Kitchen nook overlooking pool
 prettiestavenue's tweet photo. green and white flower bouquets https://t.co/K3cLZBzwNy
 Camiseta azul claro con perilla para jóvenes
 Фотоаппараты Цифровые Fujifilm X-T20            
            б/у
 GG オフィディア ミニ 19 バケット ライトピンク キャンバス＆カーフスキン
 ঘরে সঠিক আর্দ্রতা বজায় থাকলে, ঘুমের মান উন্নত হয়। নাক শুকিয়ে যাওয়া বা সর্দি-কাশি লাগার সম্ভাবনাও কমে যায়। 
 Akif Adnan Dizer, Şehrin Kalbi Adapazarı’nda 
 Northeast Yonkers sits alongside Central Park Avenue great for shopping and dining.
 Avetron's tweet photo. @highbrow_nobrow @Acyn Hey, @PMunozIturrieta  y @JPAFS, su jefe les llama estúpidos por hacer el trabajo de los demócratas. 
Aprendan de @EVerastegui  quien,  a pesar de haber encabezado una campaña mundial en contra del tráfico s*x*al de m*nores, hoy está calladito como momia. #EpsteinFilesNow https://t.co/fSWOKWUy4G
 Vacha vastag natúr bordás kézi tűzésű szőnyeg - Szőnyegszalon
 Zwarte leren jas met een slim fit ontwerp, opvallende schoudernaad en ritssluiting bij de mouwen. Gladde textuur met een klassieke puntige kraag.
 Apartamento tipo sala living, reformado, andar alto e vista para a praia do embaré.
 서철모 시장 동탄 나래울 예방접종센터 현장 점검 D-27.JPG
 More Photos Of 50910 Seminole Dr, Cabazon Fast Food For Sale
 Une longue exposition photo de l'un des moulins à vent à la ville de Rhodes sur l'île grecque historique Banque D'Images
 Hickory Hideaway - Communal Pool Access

Directions for this task
Among the entries above, the line containing "Camiseta azul claro con perilla para jóvenes", the line containing "Akif Adnan Dizer, Şehrin", and all lines between them are to be restated word for word; nothing else belongs in the reply.

Task solution
 Camiseta azul claro con perilla para jóvenes
 Фотоаппараты Цифровые Fujifilm X-T20            
            б/у
 GG オフィディア ミニ 19 バケット ライトピンク キャンバス＆カーフスキン
 ঘরে সঠিক আর্দ্রতা বজায় থাকলে, ঘুমের মান উন্নত হয়। নাক শুকিয়ে যাওয়া বা সর্দি-কাশি লাগার সম্ভাবনাও কমে যায়। 
 Akif Adnan Dizer, Şehrin Kalbi Adapazarı’nda 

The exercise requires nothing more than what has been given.